153 I also strongly disagree with the majority's conclusions that there is no danger that Initiative # 89 seeks to garner support from various factions by combining unrelated subjects in a single proposal, nor that it may surprise voters by burying hidden effects in complex language. See Maj. op. 118. Voters could potentially agree with the creation of a new "common property" right and accompanying public trust without also agreeing to abridge Colorado's longstanding preemption doctrines, or vice versa. According to the text of Initiative # 89 and its title and submission clause, voters cannot vote for one without voting for both. This is precisely the danger we warned of in In re Proposed Initiative "Public Rights in Waters II", 898 P.2d 1076, 1080 (Colo.1995). Further, the hidden effect of governmental takings liabilities is buried within the language of Initiative # 89 purporting to merely protect the "environment," rather than affect private property rights. For these reasons, I would reverse the Title Board's action setting the title and submission clause for Initiative # 89.
Conclusion
1 54 I conclude that there are at least two separate subjects coiled up in the folds of Initiative # 89: (1) converting Colorado's environment into common property, thereby granting Colorado's citizenry new property rights to resources that are now privately owned and establishing a public trust enforcement duty over Colorado's entire environment; and (2) fundamentally shifting environmental regulatory power from the state to both categories of local government. The Title Board clearly erred in determining that the initiative satisfied this state's constitutional single-subject requirement.

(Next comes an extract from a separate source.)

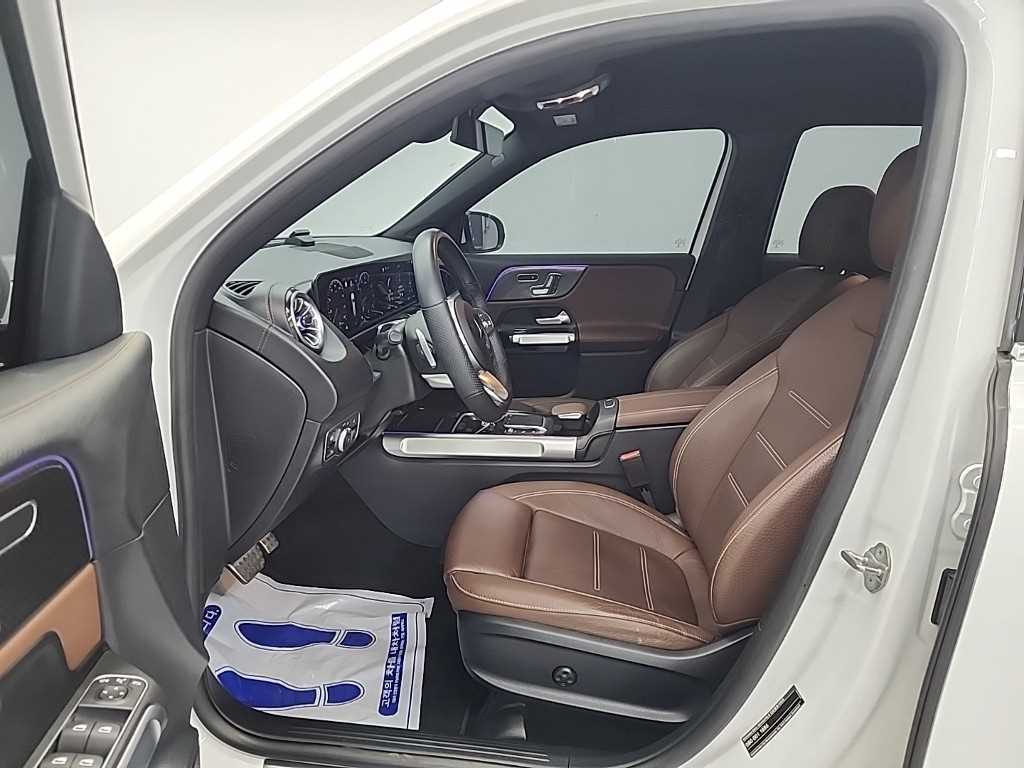 Mercedes Benz GLB Class - Vista 11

1 55 The title set by the Title Board also threatens to confuse voters because it does not mention the drastic changes that Initiative # 89 would bring to Colorado property law. Voters would surely be surprised to *187learn that they inadvertently passed an "environmental" initiative that also significantly weakens private property rights. Plus, voters could potentially support one of the subjects contained in Initiative # 89 without supporting the other. Therefore, I believe we have the duty under Article V, section 1(5.5), of the Colorado Constitution to reverse the Title Board's action setting the title for Initiative # 89. Accordingly, I respectfully dissent.

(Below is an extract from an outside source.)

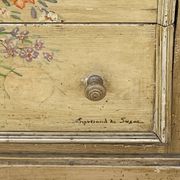 Commode en bois peint a décor de fleurs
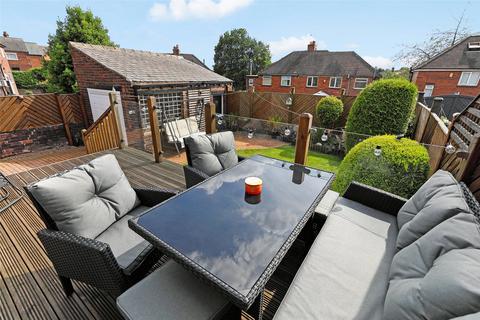 4 bedroom semi-detached house for sale, Bradford Road, Wakefield, West Yorkshire, WF1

I am authorized to state that CHIEF JUSTICE RICE joins in the dissent.
. Indeed, public ownership is the root of the state's trust duties: "the power or control lodged in the State, resulting from this common ownership [of wildlife}, is to be exercised, like all other powers of government, as a trust for the benefit of the people." Geer v. Connecticut, 161 U.S. 519, 529, 16 S.Ct. 600, 40 L.Ed. 793 (1896); see also Summa Corp. v. Cal. ex rel. State Lands Comm'n, 466 U.S. 198, 104 S.Ct. 1751, 80 L.Ed.2d 237 (1984) (holding that the state's public trust powers and duties were limited to lands it owned in its sovereign capacity).